For GAD67 immunohistochemical staining, all incubation solutions did not contain Triton X-100. The brain sections were briefly quenched with 3% H2O2 in PBS for 10 min and incubated with 5% normal goat serum for 30 min. The sections were incubated overnight at 4°C with rabbit anti-GAD67 (1:1000; Chemicon, Temecula, CA). The sections were then incubated for 1 hr with biotinylated anti-rabbit IgG (1:200; Vector, Burlingame, CA), followed by incubation with avidin-biotin complex (1:200, Vector) for 1 hr and then visualized with 0.05% 3,3'-diaminobenzidine (Sigma) and 0.003% H2O2. Negative control sections were prepared for immunohistochemical staining in an identical manner except the primary antibodies were omitted.
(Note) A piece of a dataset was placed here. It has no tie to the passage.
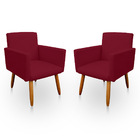 Kit 2 Poltrona Decorativa Nina Para Sala E Quarto Suede Verme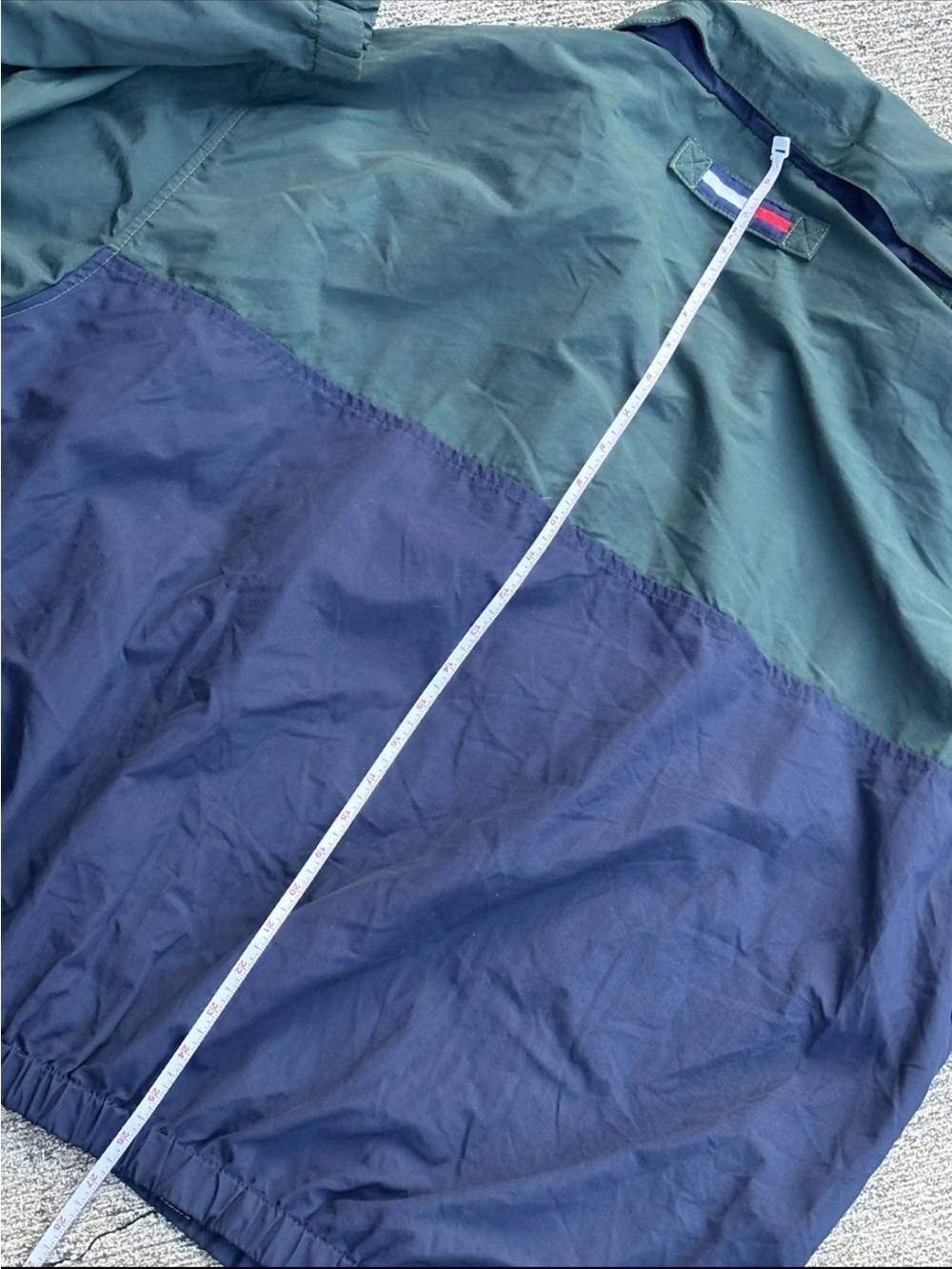 Tommy Hilfiger Vintage 90s Colorblock Windbreaker Jacket Green Navy XL Spellout - Picture 9 of 14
Double-labeling immunofluorescence microscopy

Free floating sections were incubated in PBS containing 3% normal goat serum and 0.3% Triton X-100 for 30 min at room temperature (RT). Brain sections were incubated for 48 hr at 4°C in a mixture of two primary antibodies: MK (1:100) in combination with mouse anti-GFAP (1:500; Sigma) or mouse OX-42 (1:200; Serotec, Oxford, UK). Sections were then incubated in a mixture of Alexa Fluor 488-conjugated goat anti-rabbit IgG (1:200; Molecular Probes) and Alexa Fluor 594-conjugated goat anti-mouse IgG (1:200; Molecular Probes) at RT for 2 hr in the dark. Processed sections were mounted on gelatin-coated slides, coversliped and examined under a Zeiss Axioplan-2 microscope.

Quantitative analysis

Five coronal hippocampal sections (at the level of the injection site and spaced 60 μm from each other) were used for immunohistochemical analysis. All quantitative analyses were performed in a blind manner. To ensure consistency in tissue sampling, matched hippocampal sections (based on anatomical landmark) were always processed throughout the experiments. Digitized images of stained sections were acquired using a Zeiss Axioplan-2 microscope equipped with a DVC camera (Diagnostic Instruments, Sterling Heights, MI). These images were then analyzed using Northern Eclipse software (Empix Imaging, Mississauga, ON, Canada). Three microscopic fields within SP (stratum pyramidale) and Slm (stratum lacunosum moleculare) areas in CA3 were selected (magnification of ×40) in MK-stained sections. MK immunoreactivity was then measured and expressed as area density of MK (the fraction of the total given area occupied by MK-positive cells). Three microscopic fields (magnification at ×40) in CA1, CA3 and hilus region were counted for Nissl-stained undamaged neurons in each coronal brain section. Neurons are identified by dark nucleoli within lightly stained nuclei. GAD67-positive neurons were quantified in CA1 and CA3 subfields (strata oriens, radiatum, and pyramidale) and dentate gyrus layers (dentate hilus, granule cell layer, and molecular layer). These regions were established according to the atlas of Paxinos & Watson [36]. Number of Nissl- and GAD67-positive neurons was expressed as a percentage of the PBS-injected control sections.

Statistical analysis

Data are presented as means SEM. The statistical significance was determined by one-way ANOVA and Student-Newman-Keuls test or Student's t-test using the StatView program (Abacus Concepts, Berkeley, CA). p values < 0.05 were considered to be statistically significant.